### Data segment
=== Section Start ===

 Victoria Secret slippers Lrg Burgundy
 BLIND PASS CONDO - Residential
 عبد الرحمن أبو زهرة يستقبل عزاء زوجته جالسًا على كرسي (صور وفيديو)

=== Section End ===

### Directions for this task
Output exactly the lines from the one with "BLIND PASS CONDO - Residential" through the final line of the listing above.

### Response
 BLIND PASS CONDO - Residential
 عبد الرحمن أبو زهرة يستقبل عزاء زوجته جالسًا على كرسي (صور وفيديو)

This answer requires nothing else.